Xin HUANG ; Jiachen LI ; Weihua CAO ; Jun LYU ; Yu GUO ; Pei PEI ; Qingmei XIA ; Huaidong DU ; Yiping CHEN ; Yang LING ; Rene KEROSI ; Rebecca STEVENS ; Xujun YANG ; Junshi CHEN ; Canqing YU ; Zhengming CHEN ; Liming LI
Chinese Medical Journal 2023;136(19):2316-2323
BACKGROUND:
Existing evidence suggests that fruit consumption is a significant influencing factor for chronic obstructive pulmonary disease (COPD), but this is unclear in the Chinese population. We examined the association of fresh fruit consumption with the risk of COPD-related hospitalization and death in a nationwide, population-based prospective cohort from China.
METHODS:
Between 2004 and 2008, the China Kadoorie Biobank recruited >0.5 million adults aged 30 to 79 years from ten diverse regions across China. After excluding individuals diagnosed with major chronic diseases and prevalent COPD, the prospective analysis included 421,428 participants. Cox regression was used to calculate the hazard ratios (HRs) for the association between fresh fruit consumption and risk of COPD-related hospitalization and death, with adjustment for established and potential confounders.
RESULTS:
During a mean follow-up of 10.9 years, 11,292 COPD hospitalization events and deaths were documented, with an overall incidence rate of 2.47/1000 person-years. Participants who consumed fresh fruit daily had a 22% lower risk of COPD-related hospitalization and death compared with non-consumers (HR = 0.78, 95% confidence interval [CI]: 0.71-0.87).

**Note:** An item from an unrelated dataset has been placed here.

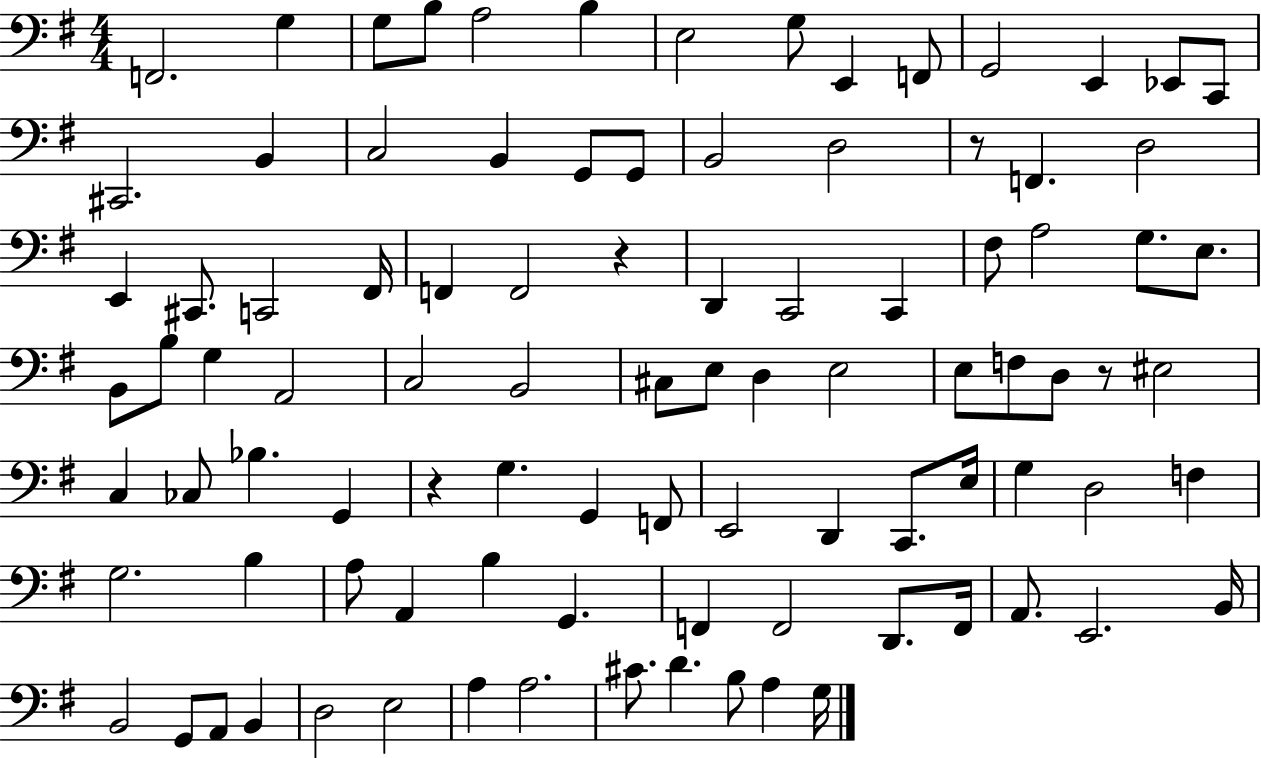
F2/h. G3/q G3/e B3/e A3/h B3/q E3/h G3/e E2/q F2/e G2/h E2/q Eb2/e C2/e C#2/h. B2/q C3/h B2/q G2/e G2/e B2/h D3/h R/e F2/q. D3/h E2/q C#2/e. C2/h F#2/s F2/q F2/h R/q D2/q C2/h C2/q F#3/e A3/h G3/e. E3/e. B2/e B3/e G3/q A2/h C3/h B2/h C#3/e E3/e D3/q E3/h E3/e F3/e D3/e R/e EIS3/h C3/q CES3/e Bb3/q. G2/q R/q G3/q. G2/q F2/e E2/h D2/q C2/e. E3/s G3/q D3/h F3/q G3/h. B3/q A3/e A2/q B3/q G2/q. F2/q F2/h D2/e. F2/s A2/e. E2/h. B2/s B2/h G2/e A2/e B2/q D3/h E3/h A3/q A3/h. C#4/e. D4/q. B3/e A3/q G3/s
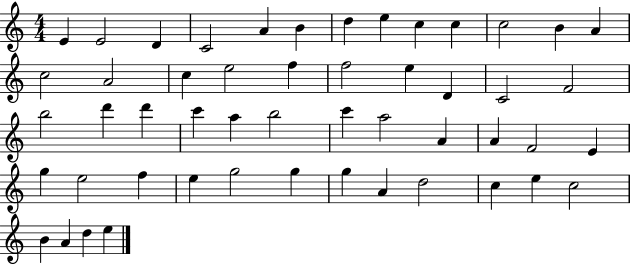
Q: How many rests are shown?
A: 0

The inverse association between fresh fruit consumption and COPD-related hospitalization and death was stronger among non-current smokers and participants with normal body mass index (BMI) (18.5 kg/m 2 ≤ BMI < 24.0 kg/m 2 ); the corresponding HRs for daily fresh fruit consumption were 0.78 (95% CI: 0.68-0.89) and 0.69 (95% CI: 0.59-0.79) compared with their counterparts, respectively.
CONCLUSIONS
High-frequency fruit consumption was associated with a lower risk of COPD in Chinese adults. Increasing fruit consumption, together with cigarette cessation and weight control, should be considered in the prevention and management of COPD.